In general, laundry dryers are popular home appliances that hold wet laundry inside a drum, and dry the laundry by applying hot, dry air to the laundry.
In detail, a laundry dryer employs a motor-driven drum to tumble laundry placed therein, while blowing hot air through the drum to dry the laundry. Dryers are divided into two basic types: exhaust-type dryers that expel the hot air that has absorbed moisture from the laundry and condensing dryers that use condensers to condense the absorbed moisture from the hot air and then recirculate the hot air within the dryer.
The above laundry dryers have a door disposed at their front portions for providing access into the laundry drum, and a lint filter installed on the door.
Specifically, lint and foreign materials from the laundry is blown around in the drum during the drying process. When the hot air containing lint and other materials in the drum passes through the door filter, the lint and foreign materials are trapped by the filter. Such a lint filter installed in a door is usually held in a filter case.
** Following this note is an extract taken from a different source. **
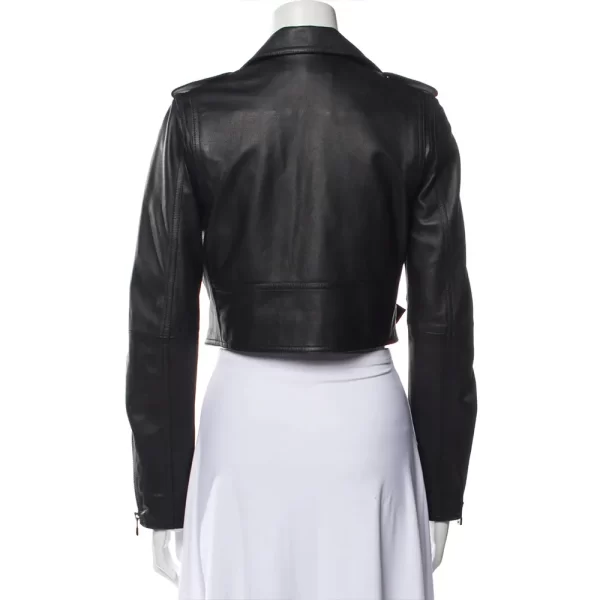 Women’s Black Asymmetrical Cropped Belted Leather Biker Jacket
Here, when installing the lint filter in the filter case, it is important that the peripheral edges of the filter are positioned firmly against the case in order to prevent lint from passing through the loose gaps and escaping out of the dryer. However, laundry dryers according to the prior art do not have structures that position their door filters firmly against their housings, and thus, a portion of the lint in their drums bypasses the filters and escapes out from the dryers.
Also, in the case of condensing dryers, lint that bypasses the lint filter circulates within the dryer, and accumulates on a fan or heater. When this occurs, lint can accumulate on a fan shaft, preventing the fan from rotating, or accumulate on a heater and be ignited by the heater to cause a fire.